According to Jacobs et al. (2020), FSACK­KK 5024 differed from the holotype of N. fluviferox based on the following features: the slight medial depression on the premaxillary crest dorsal surface (thought of as unique to the specimen) and the lateral margins in anterior view slightly convex, with no narrowing into the premaxillary crest; while the holotype specimen of N. fluviferox exhibits a prominent narrowing and concave margins. The slight medial depression on the dorsal surface of the premaxillary crest (which forms a groove similar to the ones seen in N. capito and Uktenadactylus wadleighi ) cannot be assessed in the holotype of N. fluviferox due to incompleteness. The prominent narrowing and concave margins (in anterior view) in the holotype of N. fluviferox are the anterior margins of the premaxillary crest, located dorsal to the deltoid facet. Therefore, the shape of the lateral margins in anterior view (dorsal to the deltoid facet) are intrinsically related to the development of the premaxillary crest, and the reported variation can thus be easily explained by ontogenetic development and/ or sexual dimorphism. In fact, if premaxillary crests are unconsidered, then the anterior outline of the holotype of N. fluviferox becomes a match for FSACK­KK 5024, with slightly convex lateral margins without a dorsal narrowing. This feature therefore does not exclude FSACK­KK 5024 from N. fluviferox and we regard the two as most likely conspecific, due to the above mentioned features that they share. The referred specimen adds to the known morphology of N. fluviferox by showing the presence of a groove on the anterodorsal margin of the premaxillary crest, similar to that seen in N. capito and U. wadleighi .

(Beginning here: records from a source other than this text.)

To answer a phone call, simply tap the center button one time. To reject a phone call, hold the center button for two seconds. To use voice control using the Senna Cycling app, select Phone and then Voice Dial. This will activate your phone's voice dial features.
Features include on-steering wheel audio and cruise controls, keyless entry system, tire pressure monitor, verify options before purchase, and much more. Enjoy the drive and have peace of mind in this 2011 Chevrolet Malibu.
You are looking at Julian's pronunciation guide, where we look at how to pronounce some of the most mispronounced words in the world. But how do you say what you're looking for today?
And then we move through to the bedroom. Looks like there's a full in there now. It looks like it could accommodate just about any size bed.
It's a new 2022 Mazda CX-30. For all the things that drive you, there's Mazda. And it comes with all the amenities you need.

Stratigraphic and geographic range.— Type locality and horizon only.

Genus Uktenadactylus Rodrigues and Kellner, 2008

Type species: Uktenadactylus wadleighi ( Lee, 1994) ; Albian, Texas, USA.

Included species: Uktenadactylus wadleighi ( Lee, 1994) and Uktenadactylus rodriguesae sp. nov.

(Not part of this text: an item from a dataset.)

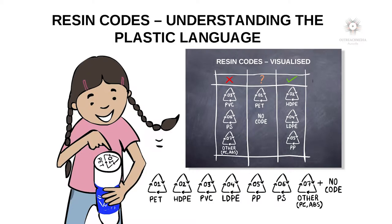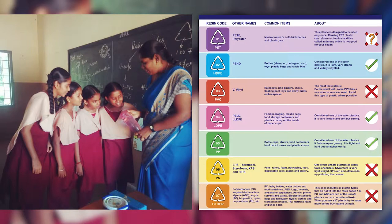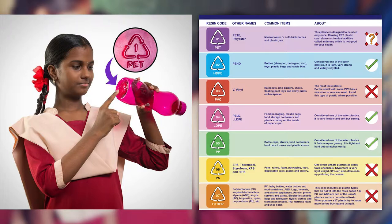There are seven numbers in triangles with an acronym that tell you about the chemical composition of a plastic. Without knowing these numbers, or resin codes, you don't really know how that plastic is made or what chemicals are added into it. This is kind of like the language to understanding plastic.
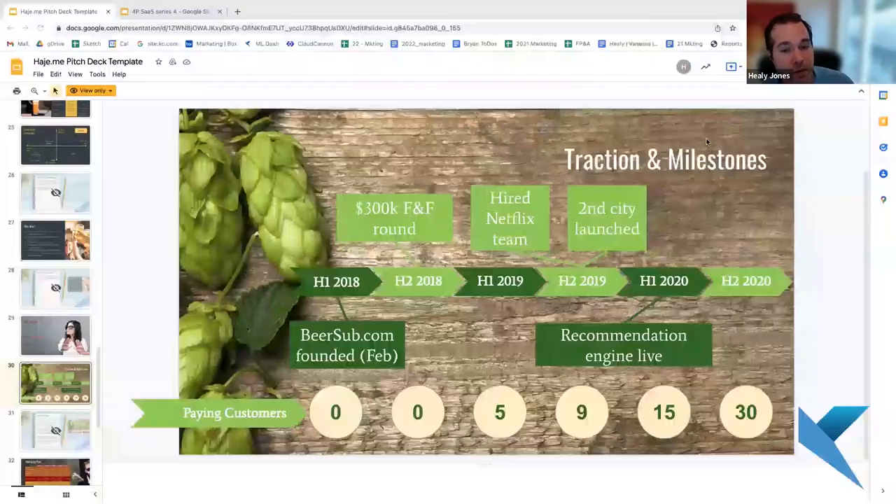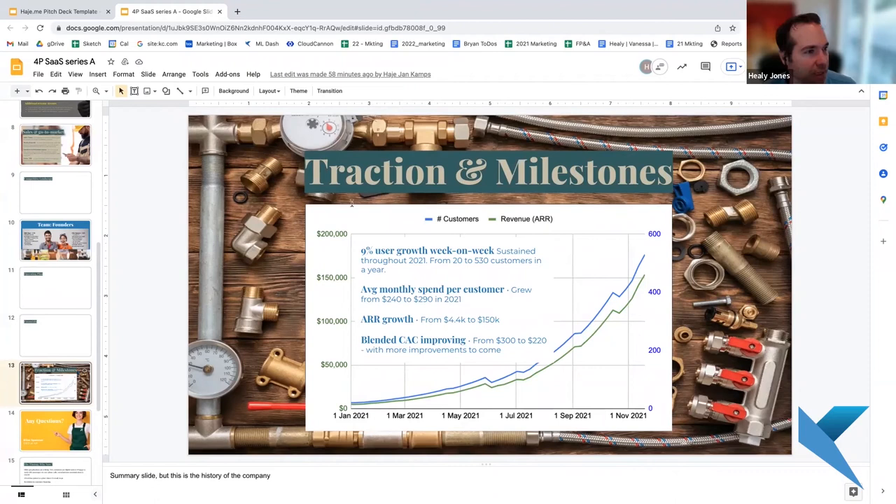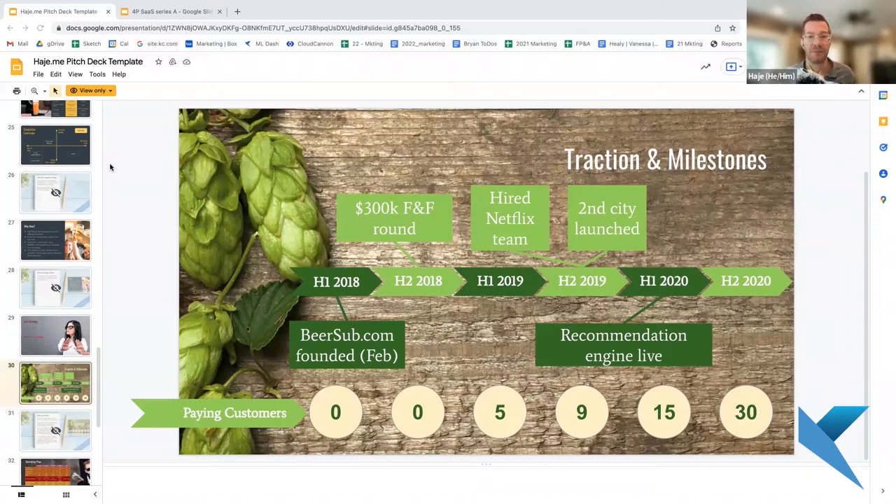We have two example venture capital pitch deck templates available at kuzeconsulting.com/pitch-decks. These are two invented businesses — please don't judge us, they're meant to be slightly silly. We have a consumer-focused business and an enterprise-focused business. We're going to share screens for these two. We feel one has a pretty good-looking traction slide and the other is on the weaker side. The enterprise company — we call it the Four P's company — has a good traction slide. The consumer-facing business, a beer delivery service, actually has a weak traction slide.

Diagnosis.—Coloborhynchines with a roughly subcircular single depression on the deltoid facet above the first pair of upper teeth; and a palatal bulbous projection between the second pair of upper teeth.

Remarks.—In the present work, we regard the genus Uktenadactylus to contain two species: U. wadleighi and U. rodriguesae sp. nov., based on IWCMS 2014.82, originally described by Martill (2015) and attributed to Coloborhynchus sp. based on the first pair of upper teeth being of anteriorly directed, and a 90° upturn of the palate. These features are herein regarded as general for the Coloborhynchinae (see Discussion). Martill (2015) mentioned the existence of a palatal bulbous projection between the second pair of upper teeth in IWCMS 2014.82, but did not comment on it further. We note here that it is a shared trait with Uktenadactylus wadleighi . We further note that these two taxa share a round depression on the deltoid facet, located above the first pair of upper teeth; which was already reported as present in U. wadleighi ( Lee 1994; Rodrigues and Kellner 2008). The surface of the dorsal region of the deltoid facet is flat in Coloborhynchus clavirostris , whereas it bears a pair of lateral ridges in Nicorhynchus .

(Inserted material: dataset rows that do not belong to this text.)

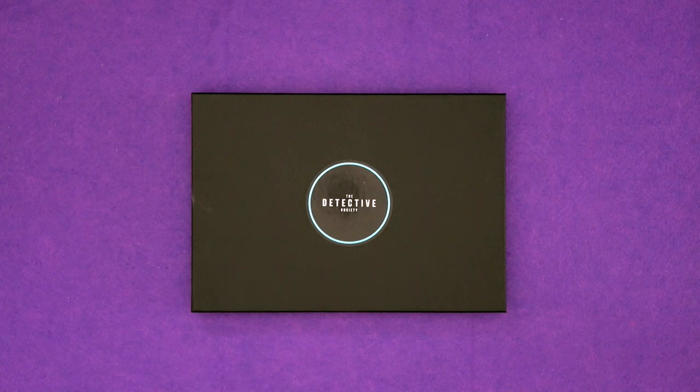Hi everyone, I'm Tom and today I'm going to be playing a demo of The Detective Society, which is a new puzzly escape room tabletop game and it's on Kickstarter right now.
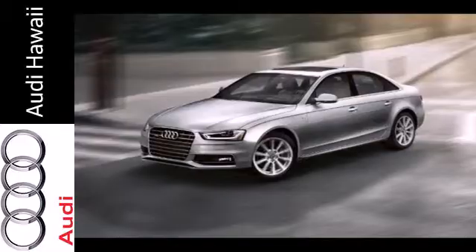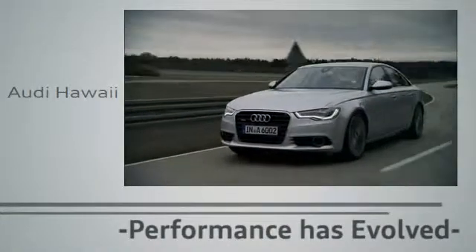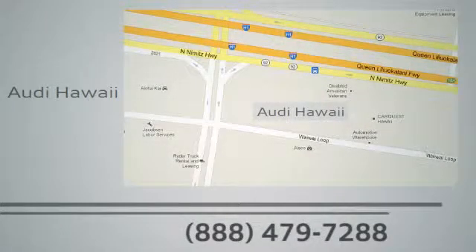Check it out today. Performance has evolved. Experience the performance of an Audi today at Audi Hawaii. We're conveniently located at 2770 YY Loop, Honolulu.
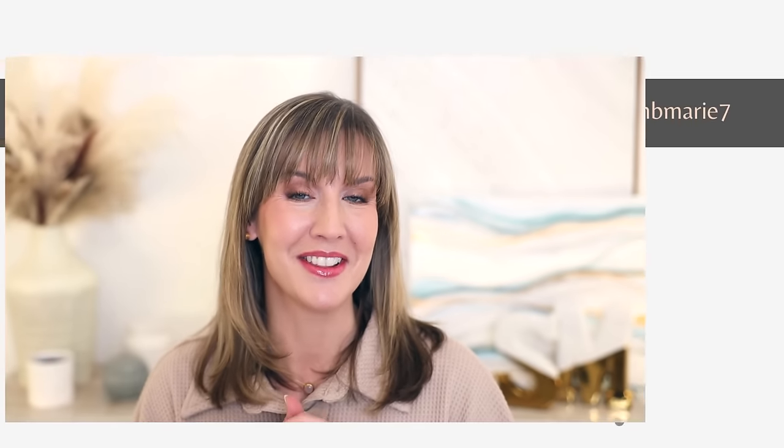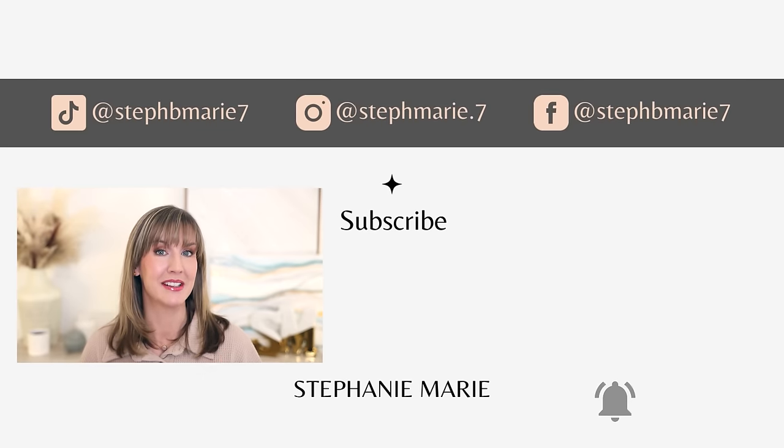Have you found any great dupes lately? Let me know in the comments down below, or let me know if you're wanting me to hunt down a dupe. I always have so much fun putting these videos together. I hope you found this helpful and enjoyable — if you did, give it a thumbs up and be sure to check out my latest Amazon favorites video. Subscribe if you're not already. Thank you so much for watching. I'll see you next time. Bye!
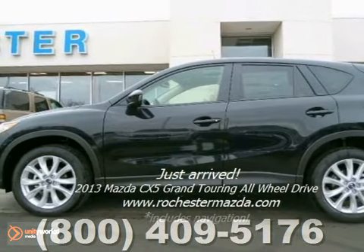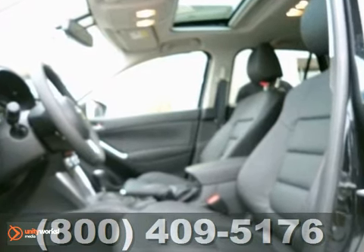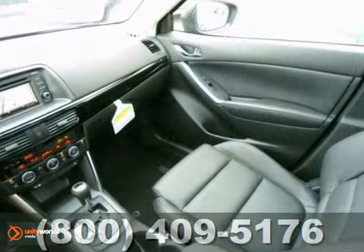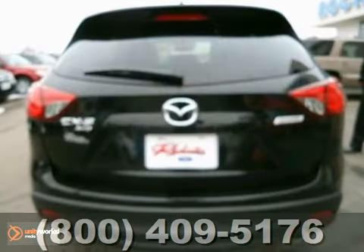You can't go wrong with this 2013 Mazda CX-5. With leather seats, all-wheel drive, and CD player, it's bound to sell fast. You'll also get a sunroof, multifunction steering wheel, and dual-zone air conditioning. The power windows, locks, and mirrors and navigation system only make it more appealing.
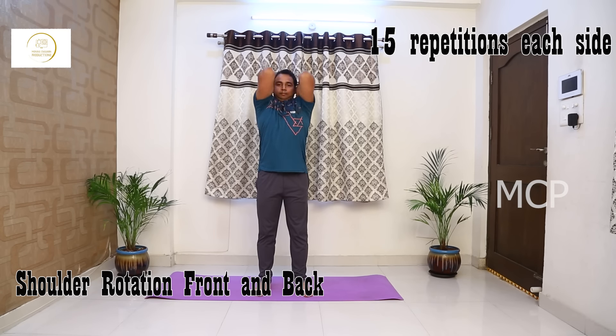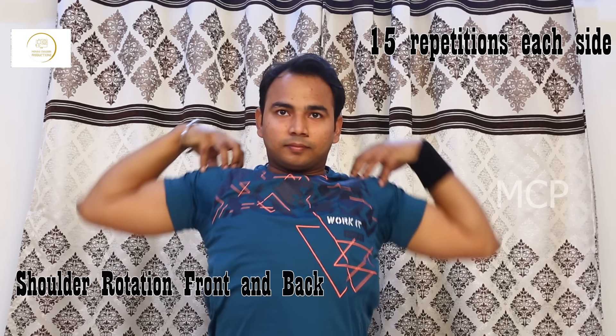Shoulder rotation exercise helps strengthen the rotator cuff, increases stability of the shoulder joint, and improves range of motion.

Jacobs et al. (2019) considered that Nicorhynchus fluviferox shared with Uktenadactylus wadleighi the following feature: a palatal depression posterior to the second pair of upper teeth. However, upon first­hand analysis of the holotype of U. wadleighi , we report here that the condition present in U. wadleighi is not the same that was described for Nicorhynchus fluviferox . In Nicorhynchus fluviferox , a true depression excavates the palatal surface posterior to the second pair of upper teeth, as reported by Jacobs et al. (2019). However, in Uktenadactylus wadleighi , this feature is not present. The palatal surface posterior to the second pair of upper alveoli is not level with the surface between the second pair of upper alveoli, indeed; but this does not happen due to a depression posterior to the second pair of upper alveoli. Instead, it happens due to a bulbous projection between the second pair of upper alveoli, protruding beyond the palatal plane. This feature can only be seen in U. wadleighi and IWCMS 2014.82.

Stratigraphic and geographic range.—Barremian–Albian; Wessex Formation, England; Paw Paw Formation, USA.